Turken grew up in Los Angeles, is a member of Sinai Temple and has been a longtime supporter of the American Technion Society; that he had some personal affinity for his clients isn’t wholly surprising.
“But the reason I got involved in this is about a group of young people that experienced egregious discrimination,” Turken said, “and refused to put up with it.”
Turken runs the three California offices for the national law firm of Dickstein Shapiro, and the firm, he said, “was willing to make the commitment” to the case, taking it on on a contingency basis.
Less than a week after the end of the Shangri-La trial, though, Turken said he was scheduled to be back in court on a case more typical for him, involving a dispute between a company and its shareholders.
“We’re getting back to normal,” he said.
But for at least some of the plaintiffs, moving on isn’t so easy.
When the verdict came back, Scott Paletz, the owner of the event promotion business that made the initial connection between the FIDF group and the Shangri-La, who was also an individual plaintiff in the case, quickly called members of his family.
“They were happy that this was — at this point — over, and we had a favorable verdict,” he said. “And that I didn’t have to deal with it.”
But Paletz, whose company was awarded about $50,000 in the verdict and whose personal award came out to about $30,000 in damages, said his business had lost more money than those awards accounted for. Paletz said that prior to the FIDF event, he’d had an oral arrangement with the Shangri-La to promote parties at its pool for the whole summer of 2010 — an agreement that was terminated the day after the July 11 FIDF event.
“The jury did not understand my business’ damages,” Paletz said. “The hotel owed us quite a bit of money up until that date, not including the money that would have been made, even through the rest of the summer.”
Among the other individual plaintiffs, more than one used the word “relief” to describe their feelings after the verdict came back.

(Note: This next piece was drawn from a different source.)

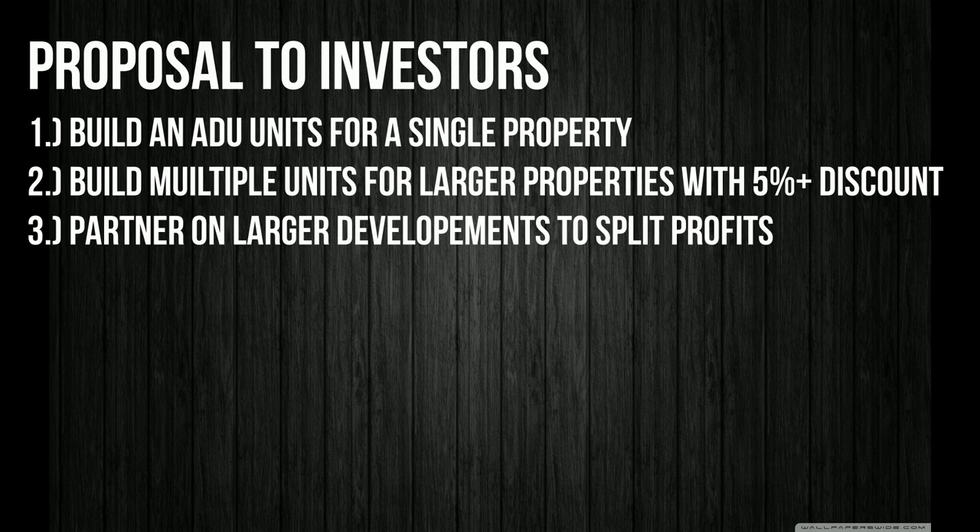The third option — and the main reason I'm making this video — is that I'd like to get involved in larger developments, such as mobile home parks, or recreational lots in highly touristic locations where we can build at scale: 10-plus units. I'm willing to substantially cut the cost to build more units and then split the profits at the end. I will need you to cover at least the cost of the build so we can make that happen and start investing together.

Jordan Freedman had tears in her eyes as the jury’s award in her case — $180,000, not including punitive damages — was read aloud. But being relieved not to have to go back to a courthouse isn’t the same as getting back to “normal.”
“The experience of being banished from a public place because of my religion will forever affect me,” Freedman wrote in a Facebook message to The Journal. “There are simply no words to describe the impact it has had on my life. The comfort I take from this ordeal is that people will continue to be held responsible for their words and actions, and hopefully more people will be spared from this kind of discrimination in the future. “
Lou Sokolovskiy, who said the experience at the Shangri-La reminded him of what it was like growing up as a Jew in the Soviet Union, said he was “very happy” to be able to put behind him the “long and quite emotionally draining process” of taking the case to trial. (His award, not including punitive damages, amounted to $115,000.)
There was intense media interest in the trial — Israeli press outlets, local American Jewish newspapers, and even The New York Times could not resist this made-for-a-headline story of a Muslim businesswoman who was found to have discriminated against the Jewish members of a pro-Israel group. Nevertheless, Sokolovskiy said he was surprised at just how many people in his community had paid attention to the proceedings.
“When I came to my shul [synagogue] this past Saturday morning,” Sokolovskiy said on the Monday after the trial ended, “I was greeted as a celebrity. Everybody came over and congratulated me. I got an aliyah just because we won this trial.
“I was shocked. Those two years — waiting, and being deposed and getting on the stand — was worthwhile,” Sokolovskiy added.